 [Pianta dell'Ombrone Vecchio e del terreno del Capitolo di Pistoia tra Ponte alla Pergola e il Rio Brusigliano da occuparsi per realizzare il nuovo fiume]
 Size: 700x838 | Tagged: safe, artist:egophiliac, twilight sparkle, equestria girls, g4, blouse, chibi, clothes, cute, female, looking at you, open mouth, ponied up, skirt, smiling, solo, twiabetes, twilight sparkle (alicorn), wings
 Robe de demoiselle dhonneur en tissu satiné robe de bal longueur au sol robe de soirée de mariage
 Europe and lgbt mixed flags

************

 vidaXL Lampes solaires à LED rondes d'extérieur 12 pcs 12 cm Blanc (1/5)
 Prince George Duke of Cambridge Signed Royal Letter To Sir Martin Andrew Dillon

************

▶ ASSIGNED TASK
Go through the listing above and write out exactly the lines starting with the one holding "Size: 700x838 |" and running through the one holding "Europe and lgbt mixed flags", ends included, and no others.

▶ RESULT OF THE EXERCISE
 Size: 700x838 | Tagged: safe, artist:egophiliac, twilight sparkle, equestria girls, g4, blouse, chibi, clothes, cute, female, looking at you, open mouth, ponied up, skirt, smiling, solo, twiabetes, twilight sparkle (alicorn), wings
 Robe de demoiselle dhonneur en tissu satiné robe de bal longueur au sol robe de soirée de mariage
 Europe and lgbt mixed flags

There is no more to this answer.